TASK REQUIREMENTS: Copy out precisely the lines from the start of the data through the line with "The best use", and keep pictures out of it.

RECORDS FOR THE TASK:
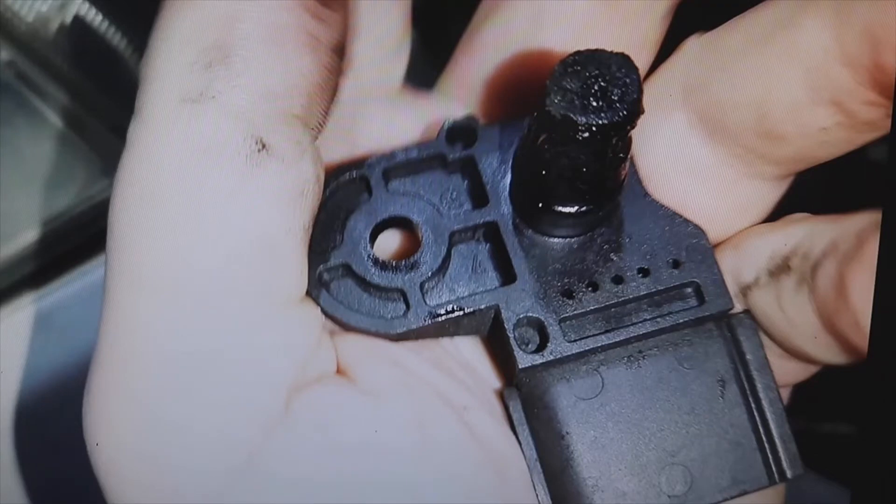Yes, in fact, when we find these errors, one of the first things we usually do is clean the MAP sensor, because many times, due to dirt in this sensor, the ECU obtains incorrect values and then, to protect the engine, it disconnects the turbo. These errors are related to turbo pressure control limit exceeded, so the first thing we do is clean the MAP sensor, and sometimes the problem is solved.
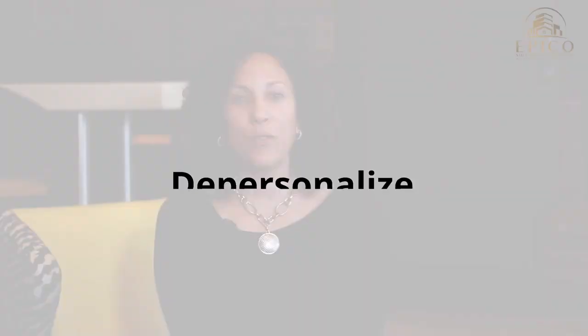Number five, depersonalize. Get rid of all those family photos on your wall, because you don't want people coming to see your house and focusing on your pictures instead of looking at your kitchen, bathrooms, bedrooms, or any of the major rooms of interest to them. Those personal items are distracting. So take them down, pack them up, and neutralize.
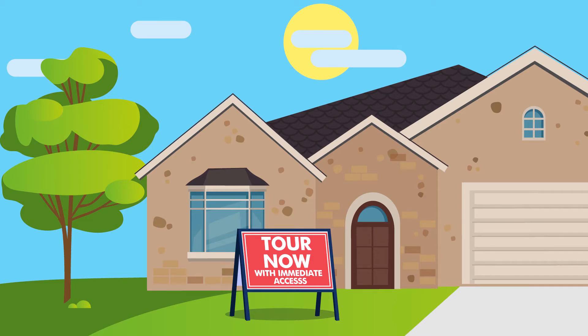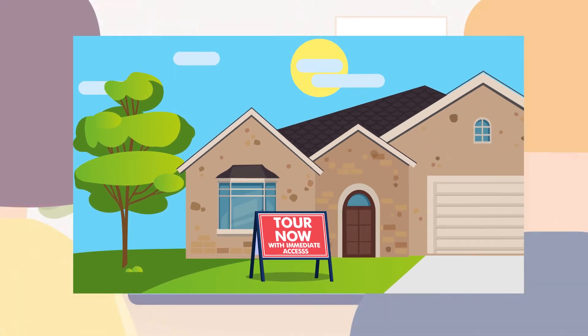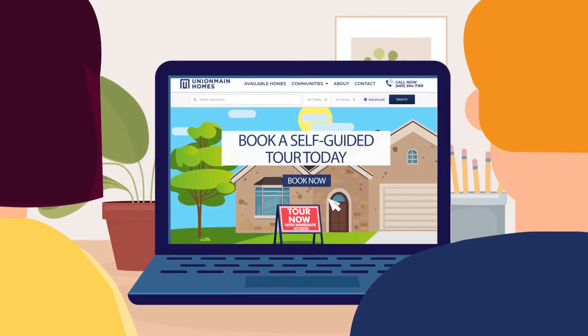Self-guided tours are easy with Union Maine Homes' Instant Access Program. Visit UnionMaineHomes.com to book a tour and get directions, or simply visit the house of your liking.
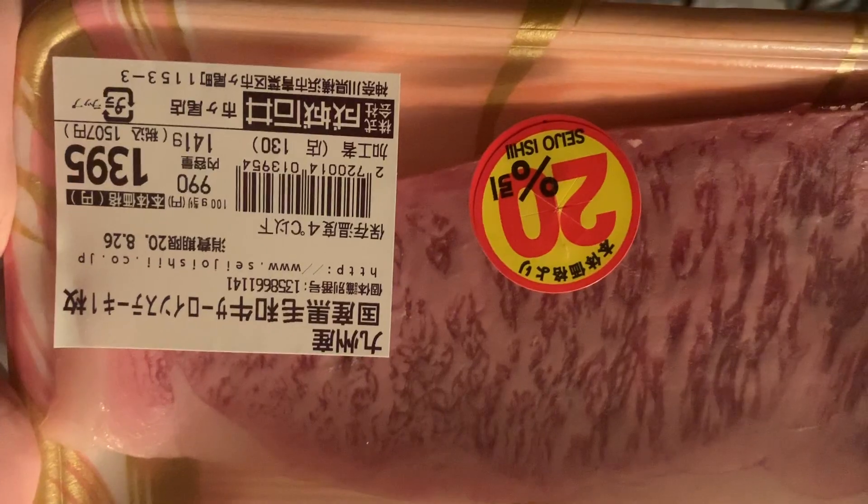This right here is the IMAX of steaks. We got us some Wagyu — a really high-quality Wagyu steak from Kyushu. It's going to be some good shit.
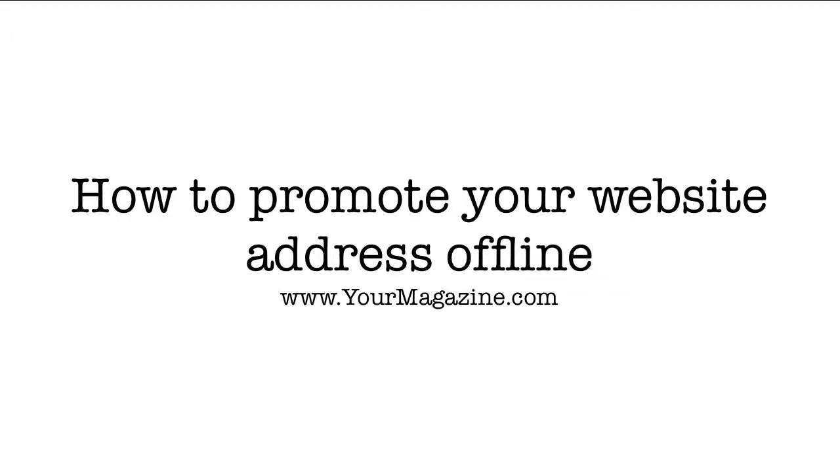Let's talk about how to promote your website address offline, within your company and for free.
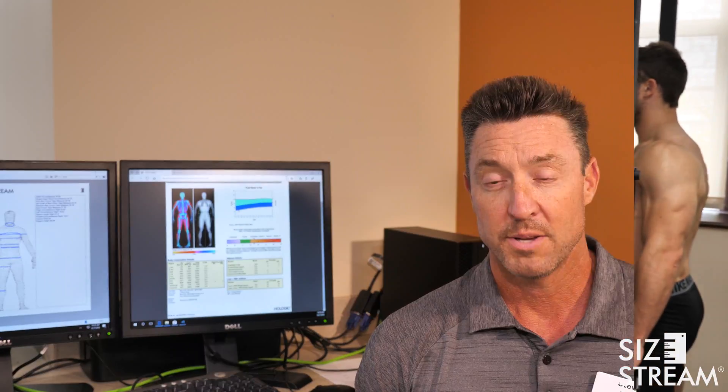The best use of body composition assessment is tracking to see if the body's changing with our programs, whether you're an exercise physiologist implementing a new exercise program or a dietician looking at a new diet. We want to know how the body's changing.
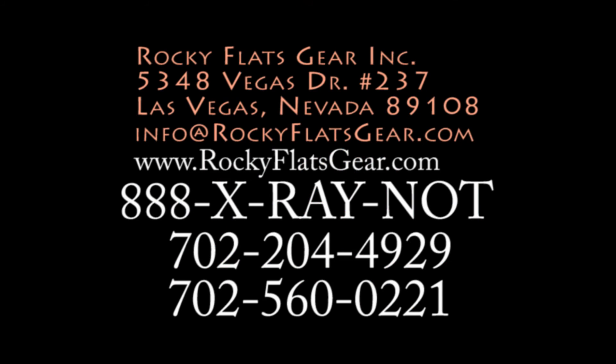This applies to all radiation sources. If you have any questions, you can reach me, Jeff, at RockyFlatsGear at 888-XRAY-NOT, or direct at 702-560-0221, or email Jeff at RockyFlatsGear.com, or our web address www.RockyFlatsGear.com.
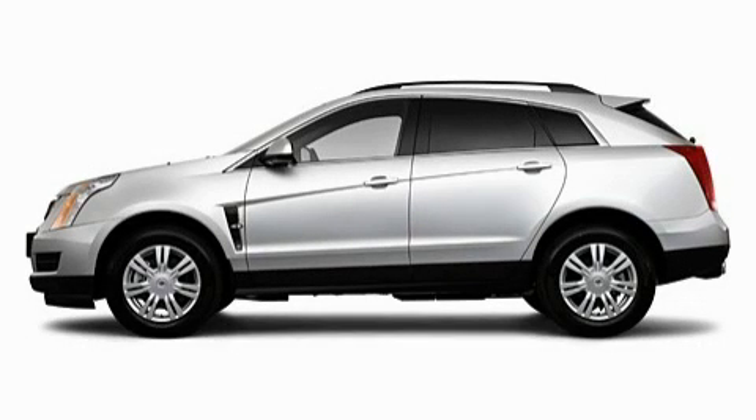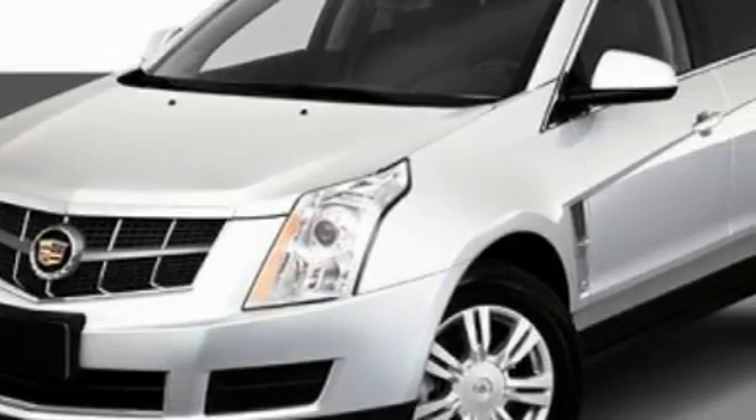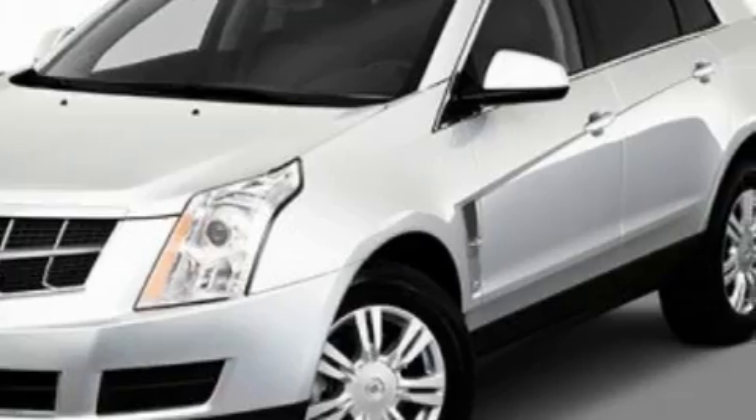This is a 2010 Cadillac SRX, a drive-in shape that provides endless luxury. It has a 3.0-liter six-cylinder engine and an automatic transmission.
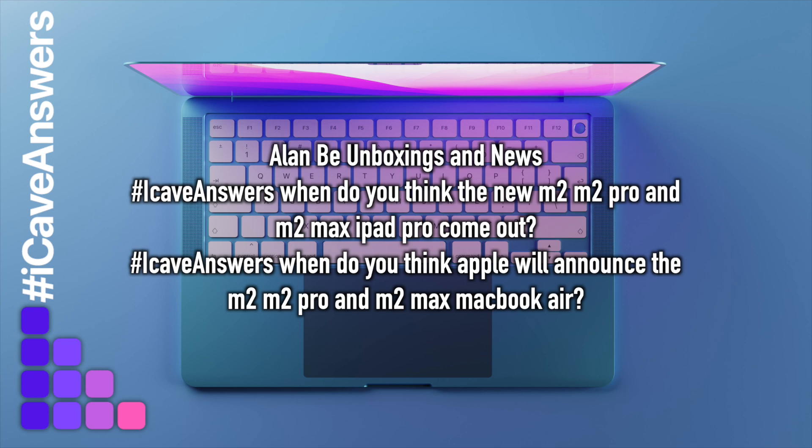Alan B Unboxings and News asks: when do you think the new M2, M2 Pro, and M2 Max iPad Pros will come out? I don't think we're going to be getting M2 Pro or M2 Max in an iPad Pro. The iPads are all about efficiency and the M2 is already super powerful for an iPad. The bigger chips would really hurt battery life and would probably be too hot — the M1 Pro and Max both have decent fan systems to keep them cool, which the iPad won't have. I wouldn't expect to see them in iPads at all, certainly not for the next three or four years.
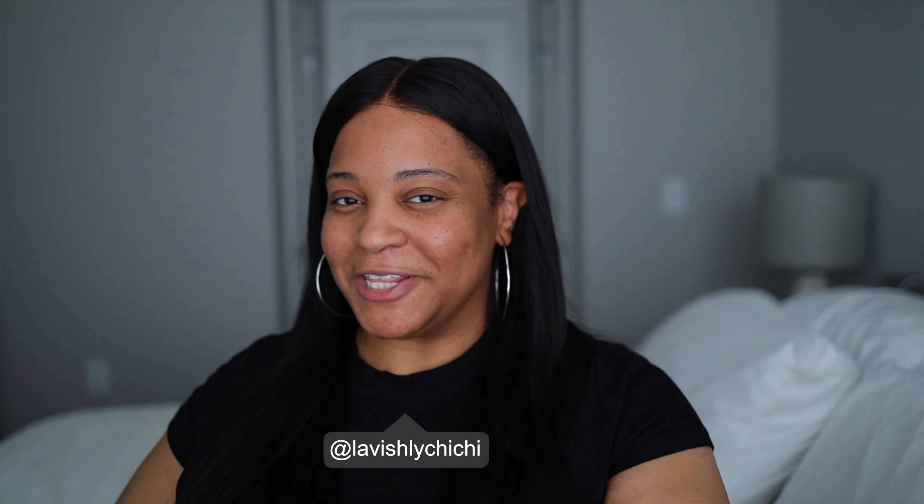How rude of me — if you're new here, hey, I'm Chi Chi and I talk about always lavish but logical. If that's your sort of thing, go ahead and subscribe, make some friends in the comment section, and follow me on Instagram and TikTok. Not a lot of things in here, let me empty the box.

EXERCISE ANSWER:
Yes, in fact, when we find these errors, one of the first things we usually do is clean the MAP sensor, because many times, due to dirt in this sensor, the ECU obtains incorrect values and then, to protect the engine, it disconnects the turbo. These errors are related to turbo pressure control limit exceeded, so the first thing we do is clean the MAP sensor, and sometimes the problem is solved.
Number five, depersonalize. Get rid of all those family photos on your wall, because you don't want people coming to see your house and focusing on your pictures instead of looking at your kitchen, bathrooms, bedrooms, or any of the major rooms of interest to them. Those personal items are distracting. So take them down, pack them up, and neutralize.
Self-guided tours are easy with Union Maine Homes' Instant Access Program. Visit UnionMaineHomes.com to book a tour and get directions, or simply visit the house of your liking.
This right here is the IMAX of steaks. We got us some Wagyu — a really high-quality Wagyu steak from Kyushu. It's going to be some good shit.
Let's talk about how to promote your website address offline, within your company and for free.
The best use of body composition assessment is tracking to see if the body's changing with our programs, whether you're an exercise physiologist implementing a new exercise program or a dietician looking at a new diet. We want to know how the body's changing.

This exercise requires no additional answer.